Networking Guide : Network Components
Hub is the central connection point in a network. Hub is used in a
network that uses star topology.
A sending computer transmits its signal to a hub, the hub then
retransmits the signal to all other computers. A passive hub
functions as a relay station that receives and retransmits signal.
An active hub functions as a repeater that regenerates signal
When A sends to C, the Hub receives signal from A and retransmits it to both B and C.
Only C then processes the signal.
Using a hub, the network bandwidth (capacity) is shared by all available computers,
therefore each computer only uses a portion of bandwidth. That's why hub is mostly used in small networks
where there are only a few connected devices or computers. However, hub is not required if there are
only two computers in a network. In that case, a direct connection using cable or wireless
link can be used to connect both computers.
Like hub, switch works as the central connection point in a
network. However when a switch receives a packet from a sending
computer, it examines the destination address (i.e.

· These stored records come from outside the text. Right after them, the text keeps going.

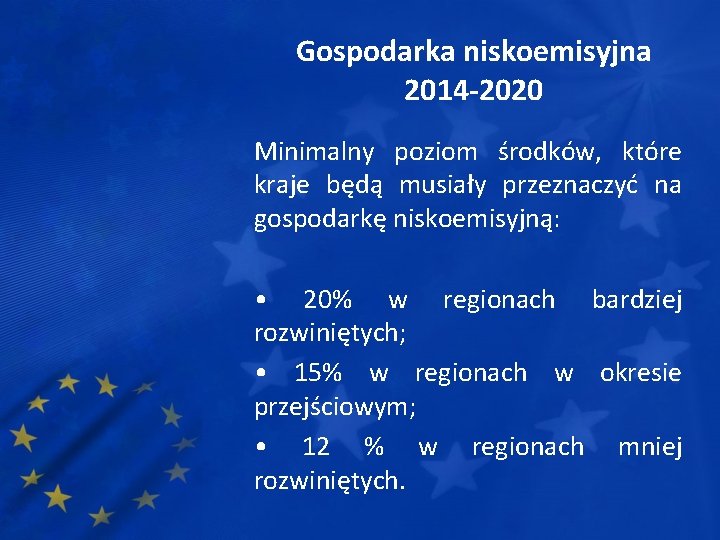 Gospodarka niskoemisyjna 2014 -2020 Minimalny poziom środków, które kraje będą musiały przeznaczyć na gospodarkę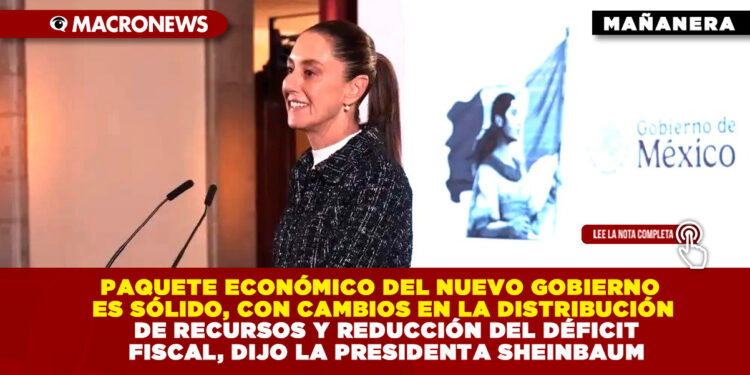 PAQUETE ECONÓMICO DEL NUEVO GOBIERNO ES SÓLIDO, CON CAMBIOS EN LA DISTRIBUCIÓN DE RECURSOS Y REDUCCIÓN DEL DÉFICIT FISCAL, DIJO LA PRESIDENTA SHEINBAUM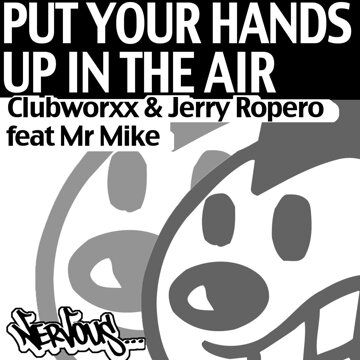 Obálka uvítací melodie Put Your Hands Up In The Air feat. Mr Mike [Radio Edit]
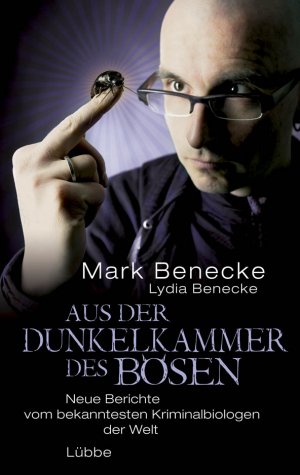 gebrauchtes Buch – Benecke, Mark, Benecke – Aus der Dunkelkammer des Bösen: Neue Berichte vom bekanntesten Kriminalbiologen der Welt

MAC address of the destination
computer) from the packet header and retransmits the packet to the destination computer only.
That's possible because a switch maintains a table that maps all its ports with all connected devices' MAC addresses.
When A sends to C, the Switch receives signal from A and only retransmits it to C.
B doesn't receive the signal.
Using a switch, the whole bandwidth can be used by each connected computer.
That's why most big networks in which a large amount
of data must be transferred at any given time, use a switch instead of hub.
Switch is not always a separate device, it is very often integrated with router.